Summary Report Partnerships for Life Americas Region

Summary Report from the Partnerships for Life Americas Region

In April 2023, Partnerships for Life launched its first series of workshops on National Suicide Prevention Strategies in the Americas organized by IASP Americas Region Lead, Dr. Mark Sinyor, and Research Assistant, Mr. Daniel Sanchez Morales. Four workshops were delivered, two in English and two in Spanish. They took place on April 28th, May 3rd, and May 5th. In total, nine countries presented: Argentina, Brazil, Canada, Colombia, Costa Rica, Dominican Republic, Ecuador, Mexico, and USA; approximately 50 partners attended across the Americas region and one partner joined from the Africa region.
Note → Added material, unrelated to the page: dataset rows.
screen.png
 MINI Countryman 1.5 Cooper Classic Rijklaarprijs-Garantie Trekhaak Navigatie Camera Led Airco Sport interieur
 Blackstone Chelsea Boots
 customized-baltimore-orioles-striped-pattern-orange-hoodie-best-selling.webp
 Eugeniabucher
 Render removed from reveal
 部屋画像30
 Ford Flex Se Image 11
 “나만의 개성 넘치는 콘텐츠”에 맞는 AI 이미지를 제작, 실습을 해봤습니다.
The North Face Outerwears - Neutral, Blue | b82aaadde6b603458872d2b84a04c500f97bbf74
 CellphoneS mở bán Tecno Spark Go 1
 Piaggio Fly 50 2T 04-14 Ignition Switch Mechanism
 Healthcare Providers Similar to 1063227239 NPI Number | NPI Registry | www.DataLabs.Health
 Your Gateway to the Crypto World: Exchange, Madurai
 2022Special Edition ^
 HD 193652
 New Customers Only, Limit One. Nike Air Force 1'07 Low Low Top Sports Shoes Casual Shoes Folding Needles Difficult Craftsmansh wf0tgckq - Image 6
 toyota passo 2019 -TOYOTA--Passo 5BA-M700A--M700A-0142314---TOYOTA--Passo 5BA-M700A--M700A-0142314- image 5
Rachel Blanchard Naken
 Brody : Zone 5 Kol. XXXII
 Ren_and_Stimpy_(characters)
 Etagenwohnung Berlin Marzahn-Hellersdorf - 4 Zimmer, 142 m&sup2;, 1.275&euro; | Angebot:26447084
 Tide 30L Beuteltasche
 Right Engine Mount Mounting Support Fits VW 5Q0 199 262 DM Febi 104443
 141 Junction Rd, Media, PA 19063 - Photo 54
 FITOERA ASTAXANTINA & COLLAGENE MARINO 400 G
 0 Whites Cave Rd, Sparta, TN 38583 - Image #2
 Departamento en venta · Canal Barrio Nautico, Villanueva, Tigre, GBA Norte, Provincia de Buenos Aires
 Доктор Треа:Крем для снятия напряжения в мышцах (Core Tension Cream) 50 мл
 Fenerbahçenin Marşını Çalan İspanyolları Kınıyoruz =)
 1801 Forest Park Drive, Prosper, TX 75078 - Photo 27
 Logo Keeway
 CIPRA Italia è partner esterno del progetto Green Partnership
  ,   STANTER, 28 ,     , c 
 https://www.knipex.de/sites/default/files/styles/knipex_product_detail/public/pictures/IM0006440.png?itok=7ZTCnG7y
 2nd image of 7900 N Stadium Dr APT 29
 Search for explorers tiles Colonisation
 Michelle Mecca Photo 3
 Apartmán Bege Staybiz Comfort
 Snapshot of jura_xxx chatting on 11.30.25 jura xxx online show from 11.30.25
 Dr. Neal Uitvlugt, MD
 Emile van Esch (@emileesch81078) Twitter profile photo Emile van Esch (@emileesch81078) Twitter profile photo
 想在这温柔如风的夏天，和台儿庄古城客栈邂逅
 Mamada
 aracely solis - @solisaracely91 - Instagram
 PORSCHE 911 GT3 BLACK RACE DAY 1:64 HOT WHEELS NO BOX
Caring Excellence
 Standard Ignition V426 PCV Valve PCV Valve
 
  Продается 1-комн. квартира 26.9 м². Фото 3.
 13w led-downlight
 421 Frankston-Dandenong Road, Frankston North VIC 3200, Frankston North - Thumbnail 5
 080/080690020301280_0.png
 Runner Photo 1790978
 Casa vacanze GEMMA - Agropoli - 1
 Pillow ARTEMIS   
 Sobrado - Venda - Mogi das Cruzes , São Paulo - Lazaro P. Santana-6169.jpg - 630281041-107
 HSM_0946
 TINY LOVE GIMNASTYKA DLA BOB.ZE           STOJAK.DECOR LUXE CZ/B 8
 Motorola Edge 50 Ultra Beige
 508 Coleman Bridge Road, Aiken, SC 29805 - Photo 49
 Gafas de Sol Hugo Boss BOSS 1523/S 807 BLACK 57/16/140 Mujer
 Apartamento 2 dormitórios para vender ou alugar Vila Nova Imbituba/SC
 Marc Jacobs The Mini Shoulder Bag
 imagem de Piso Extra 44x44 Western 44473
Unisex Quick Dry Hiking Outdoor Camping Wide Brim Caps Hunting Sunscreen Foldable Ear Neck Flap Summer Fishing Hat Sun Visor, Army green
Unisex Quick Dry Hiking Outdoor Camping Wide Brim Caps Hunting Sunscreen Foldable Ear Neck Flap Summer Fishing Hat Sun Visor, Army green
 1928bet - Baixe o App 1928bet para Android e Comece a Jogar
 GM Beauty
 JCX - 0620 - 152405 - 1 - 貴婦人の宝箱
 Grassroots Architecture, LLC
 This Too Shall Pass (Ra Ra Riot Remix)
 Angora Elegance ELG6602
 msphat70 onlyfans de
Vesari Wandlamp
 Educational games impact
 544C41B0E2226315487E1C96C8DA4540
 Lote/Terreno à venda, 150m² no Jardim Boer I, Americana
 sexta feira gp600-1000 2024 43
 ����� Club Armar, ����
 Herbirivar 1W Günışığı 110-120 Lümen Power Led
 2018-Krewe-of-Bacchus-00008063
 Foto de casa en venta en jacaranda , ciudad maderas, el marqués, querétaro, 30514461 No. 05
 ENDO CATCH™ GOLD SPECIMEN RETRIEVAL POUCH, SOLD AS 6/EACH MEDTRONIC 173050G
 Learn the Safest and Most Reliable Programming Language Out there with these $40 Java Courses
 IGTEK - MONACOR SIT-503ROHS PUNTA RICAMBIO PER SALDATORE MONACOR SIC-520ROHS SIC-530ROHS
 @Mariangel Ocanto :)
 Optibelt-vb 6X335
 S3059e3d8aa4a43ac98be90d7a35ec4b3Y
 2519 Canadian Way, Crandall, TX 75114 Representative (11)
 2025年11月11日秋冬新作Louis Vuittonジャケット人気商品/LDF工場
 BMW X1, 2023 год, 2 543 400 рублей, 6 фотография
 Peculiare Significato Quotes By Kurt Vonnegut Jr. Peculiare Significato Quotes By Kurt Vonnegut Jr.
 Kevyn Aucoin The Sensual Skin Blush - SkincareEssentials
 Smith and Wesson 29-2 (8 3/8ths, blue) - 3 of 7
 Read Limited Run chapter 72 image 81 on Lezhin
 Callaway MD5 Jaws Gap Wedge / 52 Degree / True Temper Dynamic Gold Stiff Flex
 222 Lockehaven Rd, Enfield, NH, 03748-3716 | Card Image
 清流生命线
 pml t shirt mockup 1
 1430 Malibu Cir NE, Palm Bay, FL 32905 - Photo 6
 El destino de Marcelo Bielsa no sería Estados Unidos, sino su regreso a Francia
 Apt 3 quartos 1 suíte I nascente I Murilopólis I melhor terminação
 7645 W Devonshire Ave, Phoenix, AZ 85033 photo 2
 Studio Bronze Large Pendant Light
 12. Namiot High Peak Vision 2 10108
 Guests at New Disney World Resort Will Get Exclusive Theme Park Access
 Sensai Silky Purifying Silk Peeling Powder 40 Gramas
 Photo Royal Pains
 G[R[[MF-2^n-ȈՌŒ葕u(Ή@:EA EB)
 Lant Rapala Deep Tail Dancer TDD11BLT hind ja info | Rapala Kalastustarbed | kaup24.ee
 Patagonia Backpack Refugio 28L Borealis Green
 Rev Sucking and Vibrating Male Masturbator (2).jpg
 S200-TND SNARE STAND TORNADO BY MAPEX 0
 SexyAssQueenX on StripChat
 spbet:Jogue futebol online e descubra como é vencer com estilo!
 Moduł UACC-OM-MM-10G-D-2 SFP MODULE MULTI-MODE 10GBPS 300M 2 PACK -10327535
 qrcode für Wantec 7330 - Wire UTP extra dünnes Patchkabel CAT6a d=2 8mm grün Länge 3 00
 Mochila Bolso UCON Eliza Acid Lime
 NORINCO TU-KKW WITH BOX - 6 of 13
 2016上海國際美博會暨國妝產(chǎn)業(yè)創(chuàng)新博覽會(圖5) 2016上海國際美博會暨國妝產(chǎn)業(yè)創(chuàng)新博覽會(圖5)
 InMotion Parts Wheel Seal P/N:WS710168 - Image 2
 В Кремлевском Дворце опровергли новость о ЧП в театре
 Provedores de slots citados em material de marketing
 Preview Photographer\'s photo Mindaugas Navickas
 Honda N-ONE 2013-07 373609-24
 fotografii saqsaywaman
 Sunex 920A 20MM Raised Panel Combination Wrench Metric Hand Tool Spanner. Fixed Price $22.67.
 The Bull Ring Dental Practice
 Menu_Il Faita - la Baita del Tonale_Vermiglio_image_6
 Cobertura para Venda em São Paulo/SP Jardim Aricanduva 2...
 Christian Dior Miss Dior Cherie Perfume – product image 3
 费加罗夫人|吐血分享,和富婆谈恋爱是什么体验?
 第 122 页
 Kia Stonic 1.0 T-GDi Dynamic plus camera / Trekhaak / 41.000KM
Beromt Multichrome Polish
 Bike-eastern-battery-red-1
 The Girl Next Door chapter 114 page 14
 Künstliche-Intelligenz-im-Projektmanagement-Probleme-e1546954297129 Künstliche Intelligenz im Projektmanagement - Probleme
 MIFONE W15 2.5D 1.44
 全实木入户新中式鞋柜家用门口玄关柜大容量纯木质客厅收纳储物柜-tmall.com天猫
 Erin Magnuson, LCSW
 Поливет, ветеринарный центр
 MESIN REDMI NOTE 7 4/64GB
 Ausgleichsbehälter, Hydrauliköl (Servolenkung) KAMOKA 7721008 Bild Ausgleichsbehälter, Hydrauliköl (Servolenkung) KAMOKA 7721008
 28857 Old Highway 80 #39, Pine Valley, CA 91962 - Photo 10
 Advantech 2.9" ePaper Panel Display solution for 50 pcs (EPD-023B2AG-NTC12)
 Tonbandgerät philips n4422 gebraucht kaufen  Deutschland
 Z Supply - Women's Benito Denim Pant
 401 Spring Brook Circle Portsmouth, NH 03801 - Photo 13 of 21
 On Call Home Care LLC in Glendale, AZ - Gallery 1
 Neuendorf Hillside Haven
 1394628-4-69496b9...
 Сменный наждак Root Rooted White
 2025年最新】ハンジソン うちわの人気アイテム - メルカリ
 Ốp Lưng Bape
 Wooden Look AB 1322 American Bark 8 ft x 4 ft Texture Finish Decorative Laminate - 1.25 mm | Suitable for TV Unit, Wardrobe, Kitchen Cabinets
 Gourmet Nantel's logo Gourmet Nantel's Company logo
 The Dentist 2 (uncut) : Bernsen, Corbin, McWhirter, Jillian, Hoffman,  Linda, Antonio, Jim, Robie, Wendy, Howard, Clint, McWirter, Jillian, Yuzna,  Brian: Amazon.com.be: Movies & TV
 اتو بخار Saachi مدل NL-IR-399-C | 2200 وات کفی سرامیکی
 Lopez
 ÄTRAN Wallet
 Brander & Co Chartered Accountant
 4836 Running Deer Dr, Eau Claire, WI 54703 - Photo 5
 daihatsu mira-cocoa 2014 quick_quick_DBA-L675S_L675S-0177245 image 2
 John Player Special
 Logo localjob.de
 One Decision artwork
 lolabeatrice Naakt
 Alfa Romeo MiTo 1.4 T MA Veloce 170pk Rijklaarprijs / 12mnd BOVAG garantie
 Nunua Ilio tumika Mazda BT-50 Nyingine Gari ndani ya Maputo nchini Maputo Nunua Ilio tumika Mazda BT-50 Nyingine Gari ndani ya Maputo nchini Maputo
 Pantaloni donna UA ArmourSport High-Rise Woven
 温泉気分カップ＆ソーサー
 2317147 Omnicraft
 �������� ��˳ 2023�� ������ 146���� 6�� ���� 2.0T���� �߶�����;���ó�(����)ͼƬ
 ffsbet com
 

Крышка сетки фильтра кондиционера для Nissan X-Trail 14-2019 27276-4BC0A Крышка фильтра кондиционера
The discussions were engaging and productive. Partners had the opportunity to share thoughts regarding strengths, challenges/limitations, and observations on their respective national prevention strategies and/or activities. Partners identified the following as important factors and considerations in the creation and implementation of national strategies:

  • Stigma surrounding suicide is one of the biggest challenges, particularly in the Caribbean, Central and South American regions. Partners explain that barriers to speaking about suicide and its prevention are major hurdles to starting the conversation about preventive strategies. The lack of discussion poses a challenge to create and promote mental health laws and policies, which consequently limits the possibility of governments broadening their view of suicide as a public health issue rather than just a stigmatized health problem.
  • A major agreement among partners is how difficult it has been to translate existing laws into practice due to a variety of implementation barriers.
  • Funding remains a major issue in many countries with stigma and lack of public awareness, creating challenges. Partners commented that their governments often reduce or limit overall health expenditures for mental health programs and services, making it difficult to maintain the necessary infrastructure to provide initial attention and support to individuals at higher risk of suicide. Furthermore, most resources are centralized in urban areas, limiting access to support and adequate information to people living outside major cities.
  • In cases where funding is available, shifts in the political climate may be a threat to prevention strategies. Partners explained that changes in the political party forming government and in political agendas may hinder or end prevention initiatives such as crisis lines, community support programs, and low-cost mental health services, among others.
    • Media reporting is also a concern across the Americas. Coverage that stigmatizes or propagates harmful myths remains common in many countries.
    • There was general consensus among partners about the importance of moving away from a narrow, biomedical concept of suicide and its prevention toward a more holistic approach that accounts for the psychosocial determinants that impact suicide. They highlighted the importance of interdisciplinary knowledge and intersectoral participation in designing effective strategies.Another substantial challenge highlighted was data quality problems and, specifically, the underreporting of suicide cases. Partners identified two main sources of this problem: stigma and lack of training. Stigma surrounding deaths by suicide may result in no reporting

      or misreporting and classification as due to a different cause. Partners explained that professionals in charge of reporting deaths may also not be optimally equipped with the knowledge and resources to identify deaths as suicide events.

Partners reflected on immediate action items for the initiative going forward. First, they agreed on the importance of finalizing our situational analysis of suicide and prevention across the Americas, delineating what has been done, what has been effectively implemented, and, in particular, which efforts in specific countries might be portable and adaptable to others in the region. Second, there was agreement that it is important to use our partnership to help exert international pressure on governments and stakeholders to create change. Finally, there was consensus on the importance of “low-hanging fruit”, small practical efforts and advances that we can begin implementing without major funding or government assistance (e.g., individual and small group training sessions, webinars, media guidelines, etc.).